Where Do You Turn When they All Say "No," or, Dealing With a Psycho Ex
Okay, I am sick of seeing my husband and step-son suffer at the hands of a bitter, resentful ex. (Oh my, this may get a little confusing BUT- here we go.)
My husband and his ex divorced in Bay County, FL in August 2003. She had an attorney, he did not- as she spent all of his money on her attorney, and he trusted after 8 years of marriage to this crazy lady that she would not sink so low as to ream him on support and visitation. (Stupid, I know- and he knows this now!) They resided in the same city, my husband moved out and she had the house. My husband was active duty military at the time, and she decided to move back to her mother's house in Ohio.

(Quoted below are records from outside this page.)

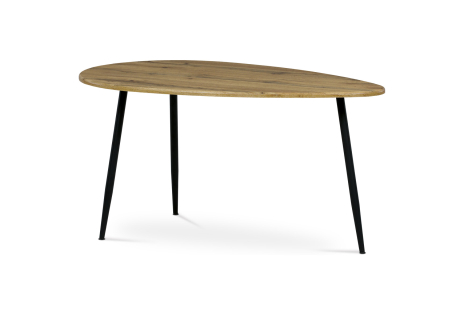 Konferenční stůl, MDF deska, dekor divoký dub, černý kov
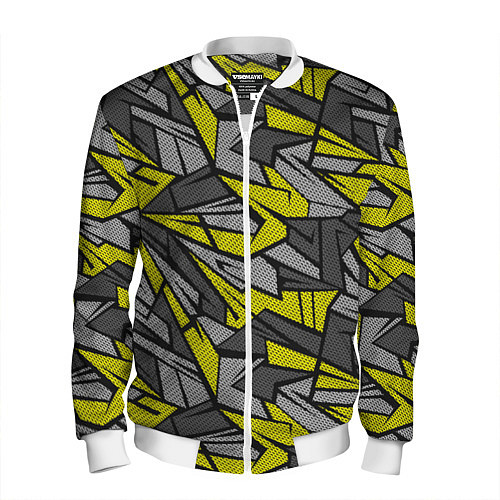 Мужской бомбер Абстрактный камуфляжный узор / 3D-Белый – фото 1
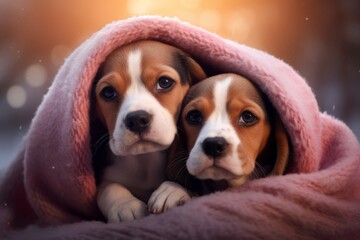 Adorable Beagle Puppies Nestled Under a Cozy Winter Blanket - Irresistible Cuteness! Generative AI
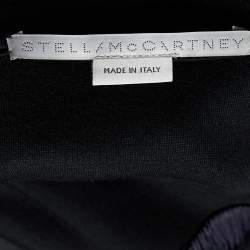 Stella McCartney Black Cotton Knit Fringed Sweater Mini Dress L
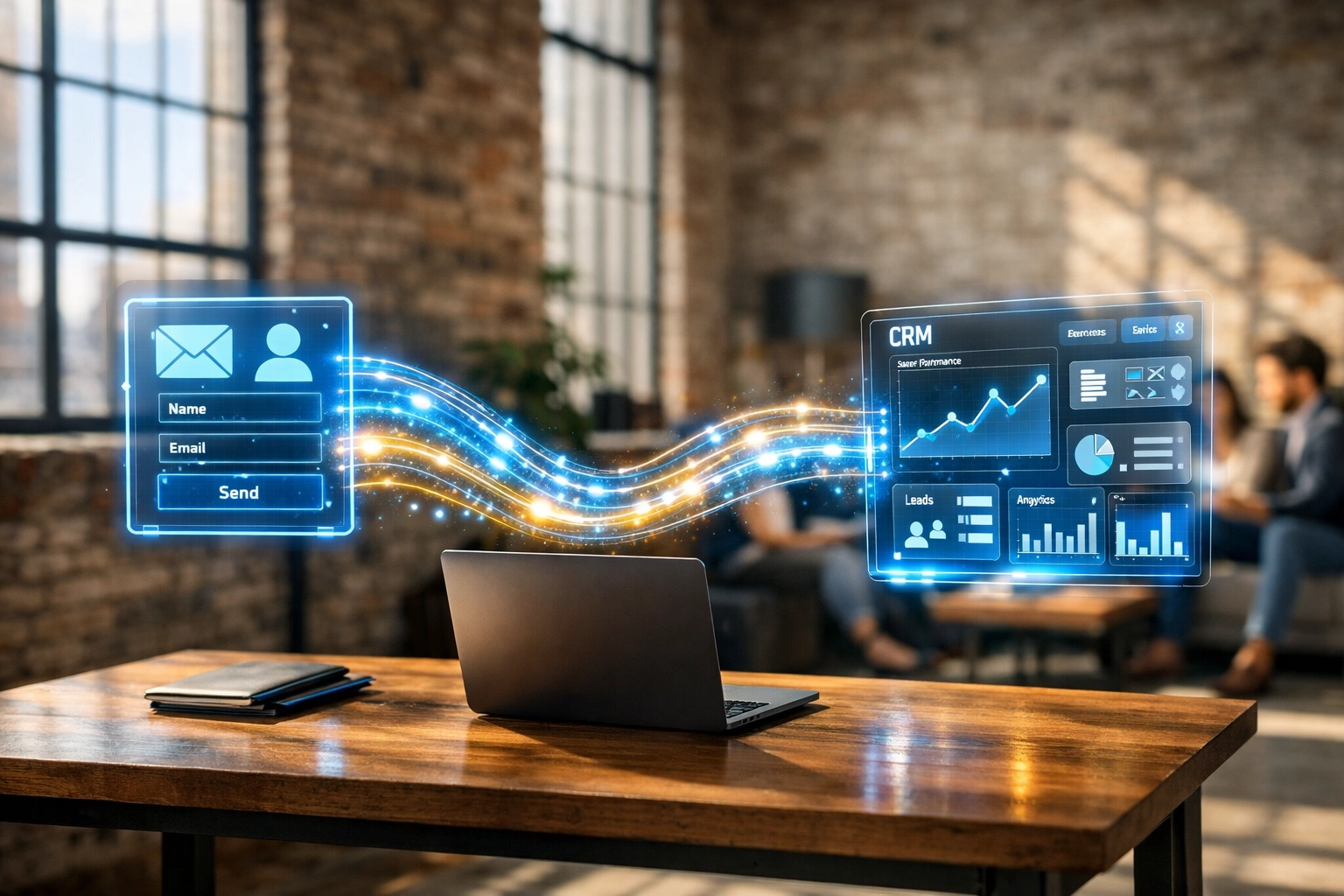 Automated lead intake data pipes moving into a CRM in a modern Philadelphia office setting.
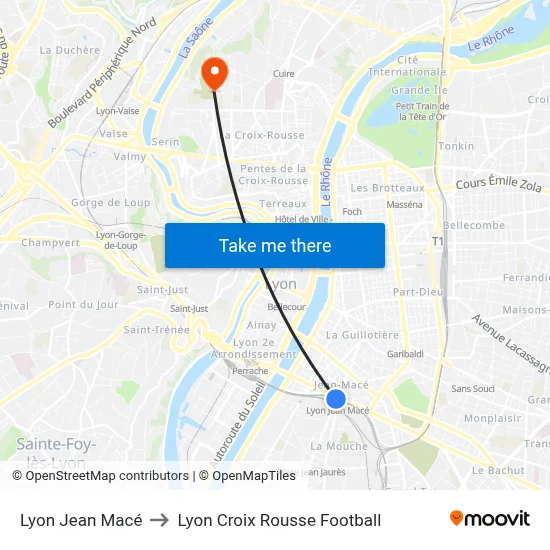 Lyon Jean Macé to Lyon Croix Rousse Football map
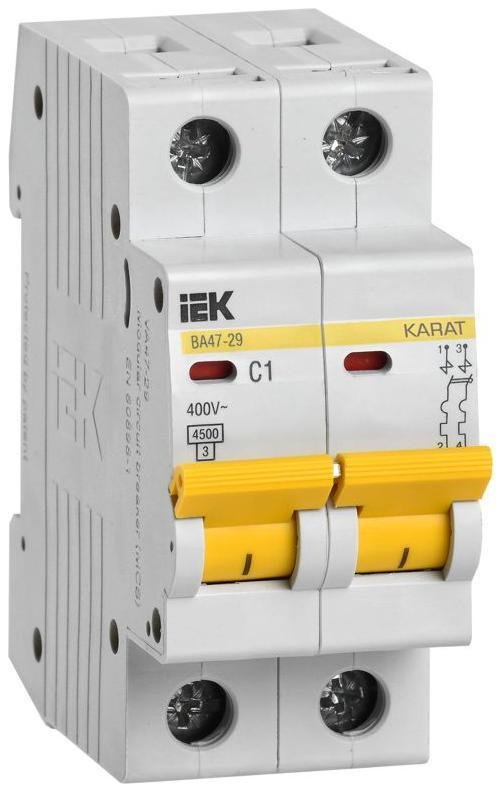 IEK MVA20-2-001-C Выключатель автоматический модульный 2п C 1А 4.5кА ВА47-29 KARAT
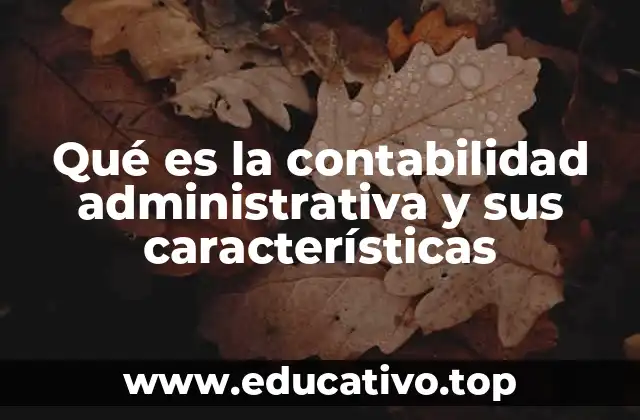 Qué es la contabilidad administrativa y sus características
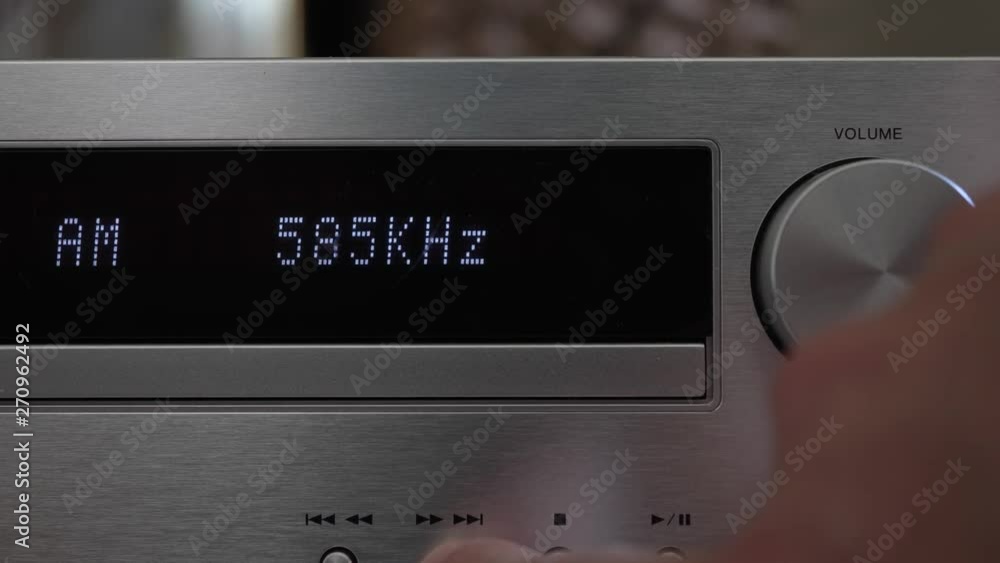 Tuning am radio station. Close up view Tuning am radio station. Close up view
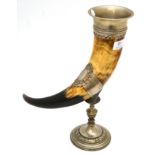 A 19th century cow horn with silver plated mounts, the base stamped 'WMF'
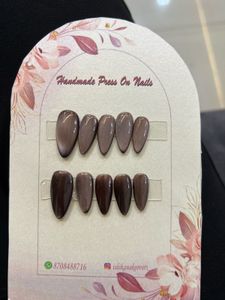 Black Mettalic Press On Nails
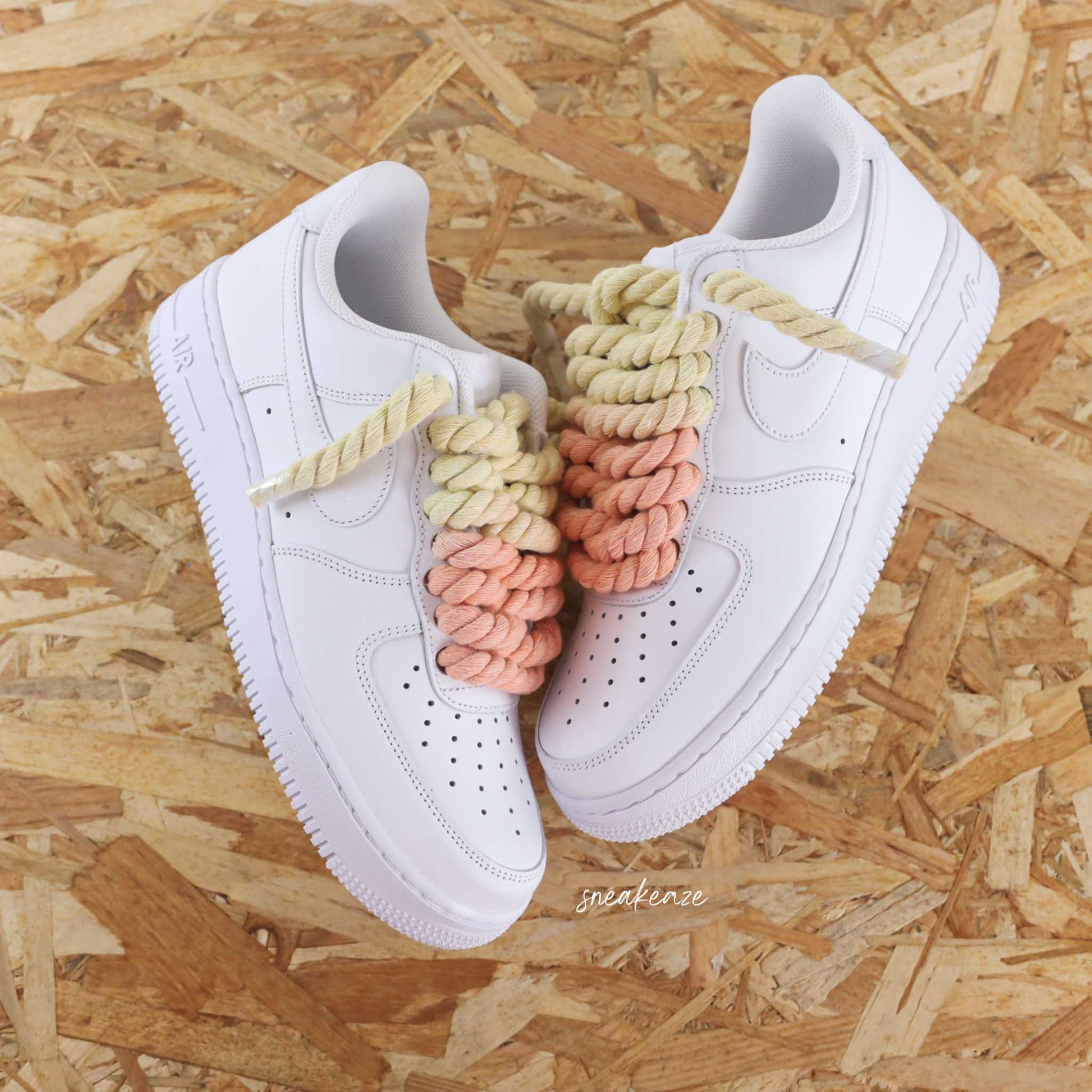 baskets nike air force 1 custom rope laces - lacets corde tie and dye rose et jaune citron dolce vita sneakeaze skz custom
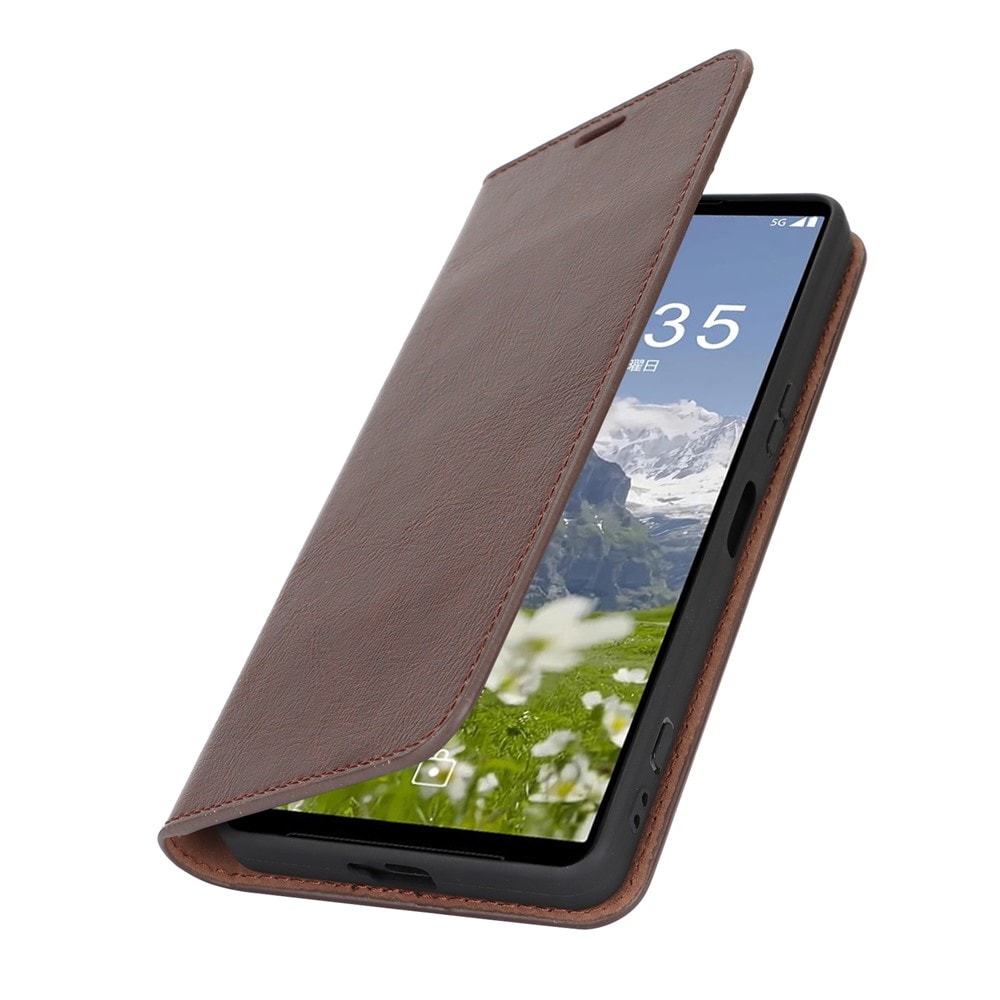 Sony Xperia 1 VII Smidigt mobilfodral i äkta läder, Mörkbrun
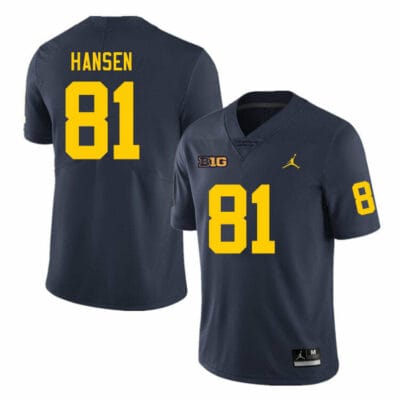 Michigan Wolverines Louis Hansen Jersey #81 College Football Game Navy 10 Michigan Wolverines Louis Hansen Jersey #81 College Football Game Navy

My husband moved back into the (empty) house, paying her $1800/month for support (800 support, 1000 alimony) and the visitation schedule was for every other weekend, rotating holidays, and two weeks per summer after June 15th. He got raked over the coals, I guess you could say. He never missed a payment (military wouldn't let anyone if they tried!), yet his visitation was royally screwed when she moved to OH. He always bore the burden of travel and hotels and trying to accrue enough leave to go up to OH. She never called, hasn't to this day as a matter of fact, so his son could talk to him... even though he has sent phone cards (she says they are just too difficult to use, although he paid for her engineering degree with the alimony/child support after their divorce!) He always has to call his son (who is now 6- yes, she cheated on him and then had their kid, and they just couldn't work things out) The kicker is this: he/we have been trying to hire an attorney for 4 years now, and no matter where we go, they say it's not in their jurisdiction! What the heck!?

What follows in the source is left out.